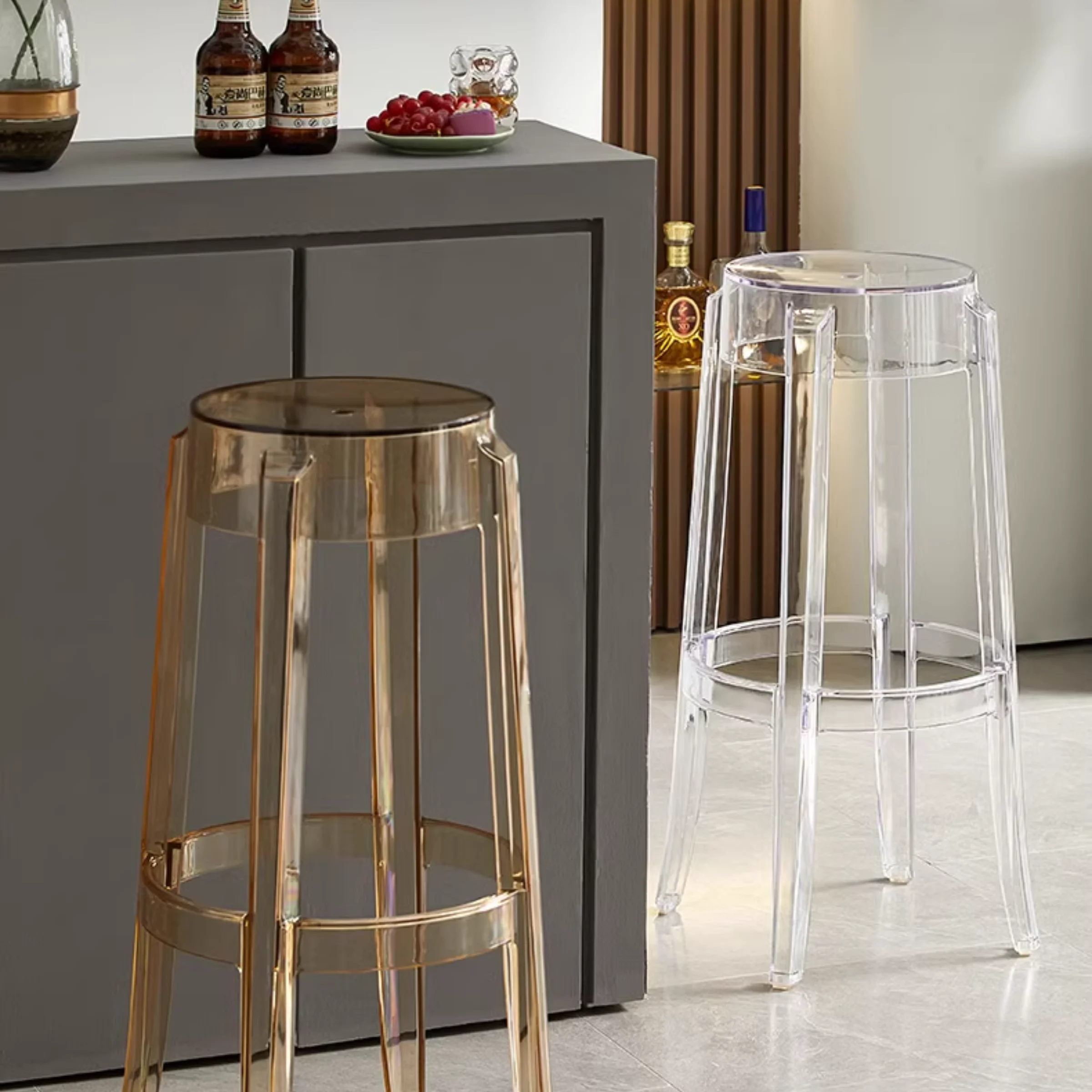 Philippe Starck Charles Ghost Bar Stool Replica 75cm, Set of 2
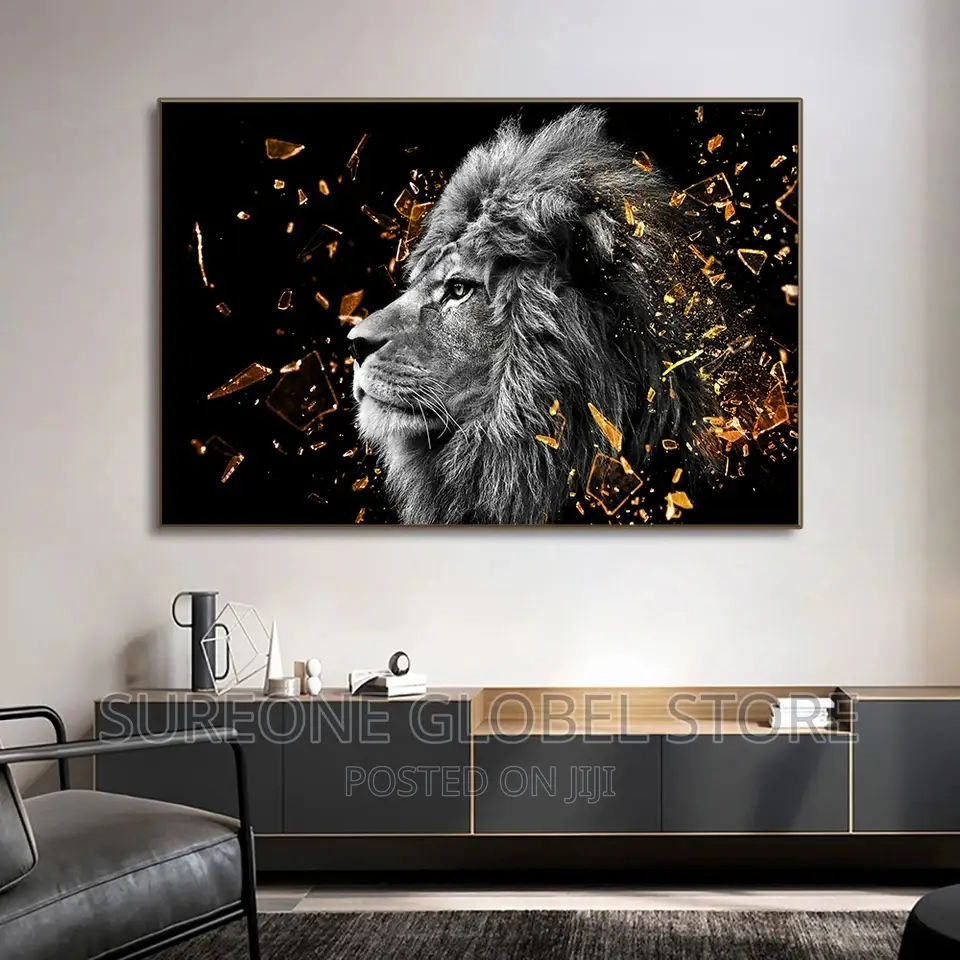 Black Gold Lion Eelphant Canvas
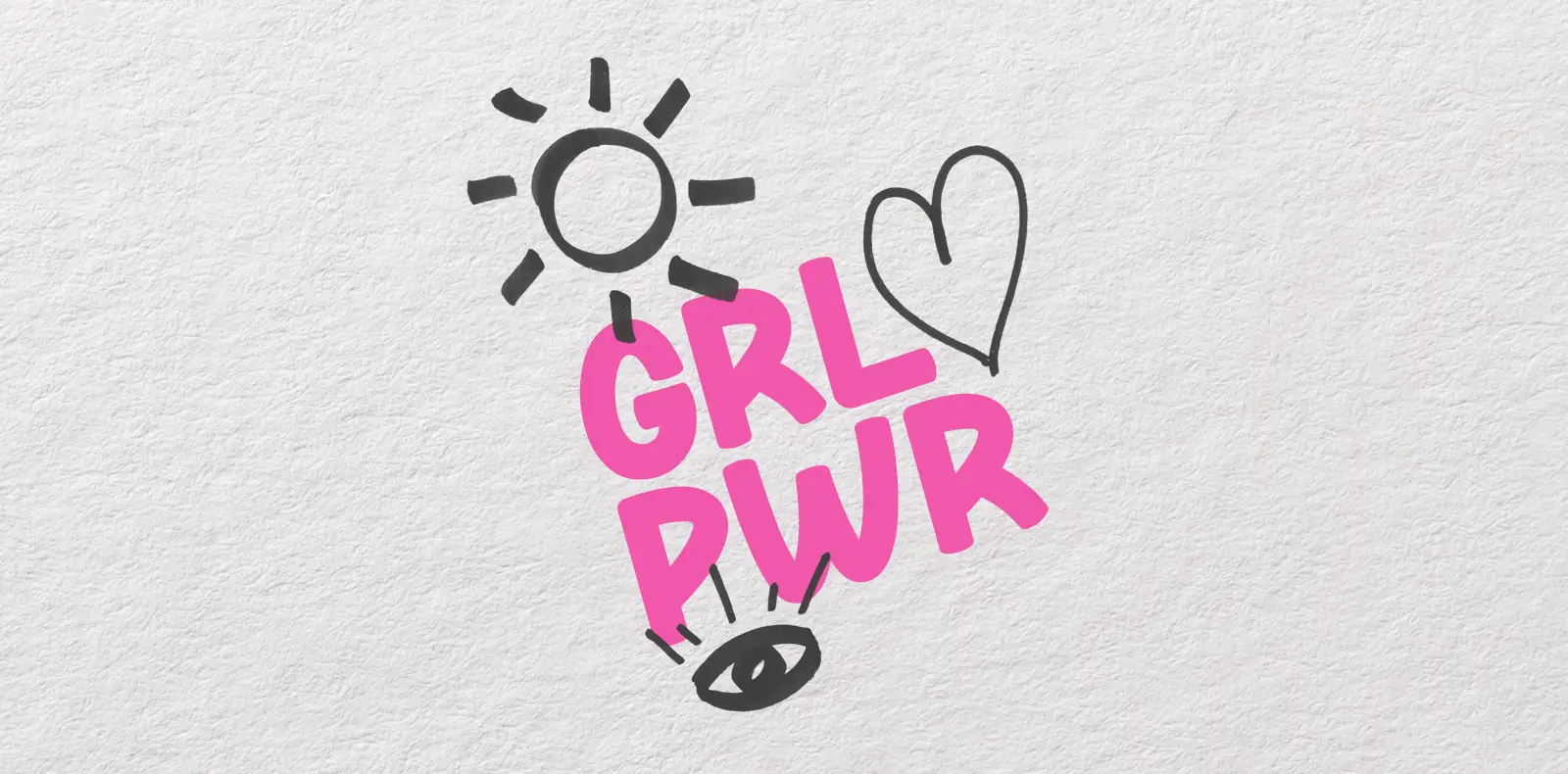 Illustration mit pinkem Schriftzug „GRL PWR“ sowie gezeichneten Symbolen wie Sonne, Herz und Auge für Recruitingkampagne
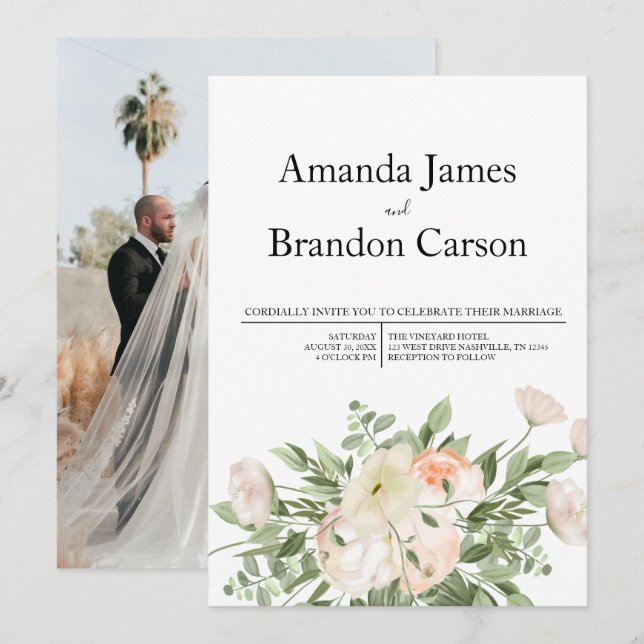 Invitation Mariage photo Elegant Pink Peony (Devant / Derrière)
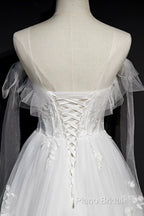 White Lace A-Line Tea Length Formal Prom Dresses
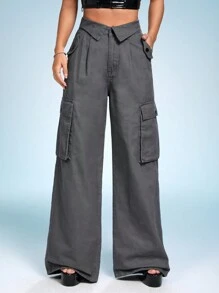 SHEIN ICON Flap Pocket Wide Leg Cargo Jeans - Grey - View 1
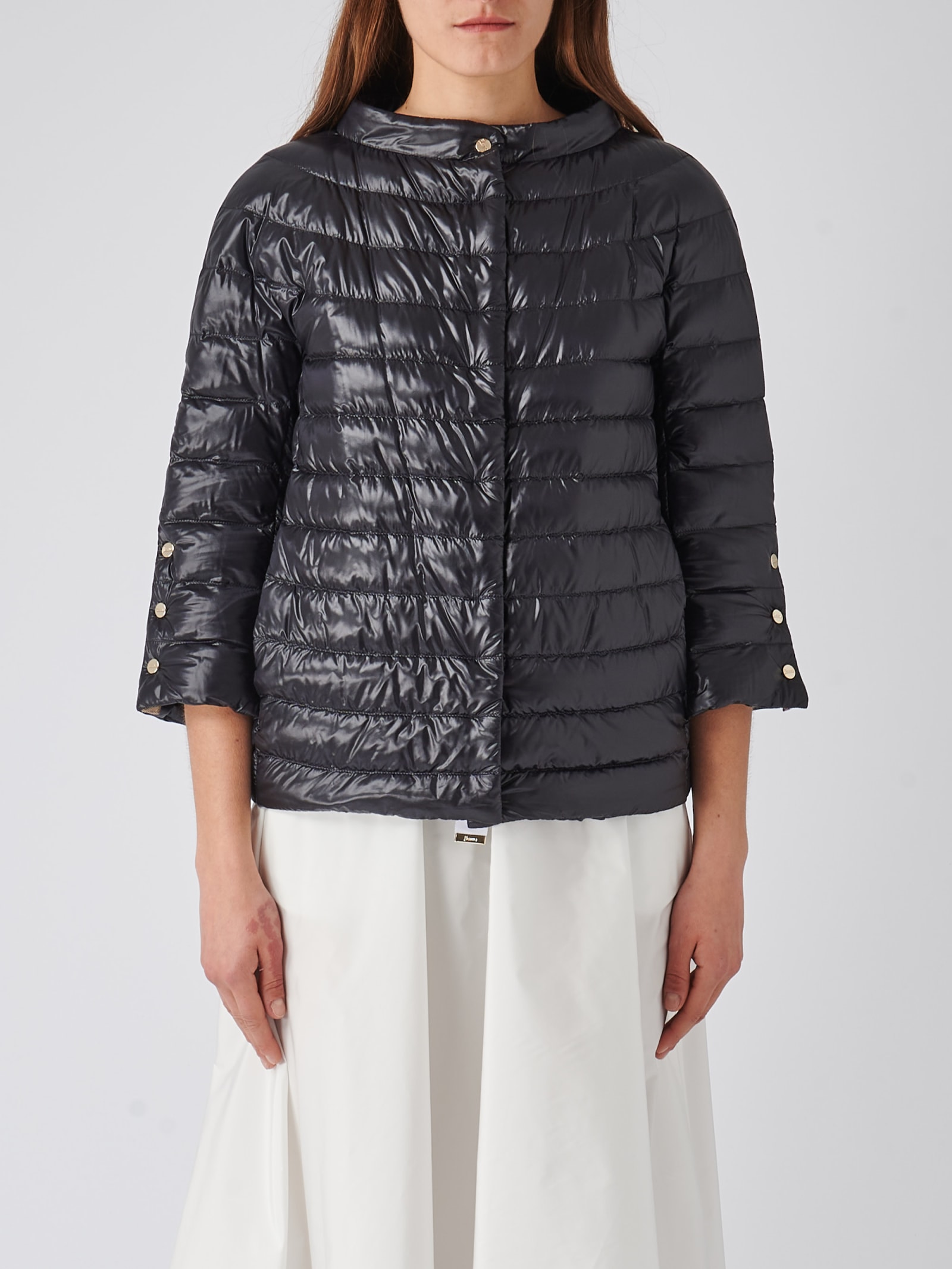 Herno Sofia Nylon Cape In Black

+ + +

EXERCISE :: Do not include pictures. Copy only the lines running from the line with "Invitation Mariage photo" through the last line of the records, exactly as they appear.

SOLUTION TO THE PROBLEM ::
 Invitation Mariage photo Elegant Pink Peony (Devant / Derrière)
 White Lace A-Line Tea Length Formal Prom Dresses
 SHEIN ICON Flap Pocket Wide Leg Cargo Jeans - Grey - View 1
 Herno Sofia Nylon Cape In Black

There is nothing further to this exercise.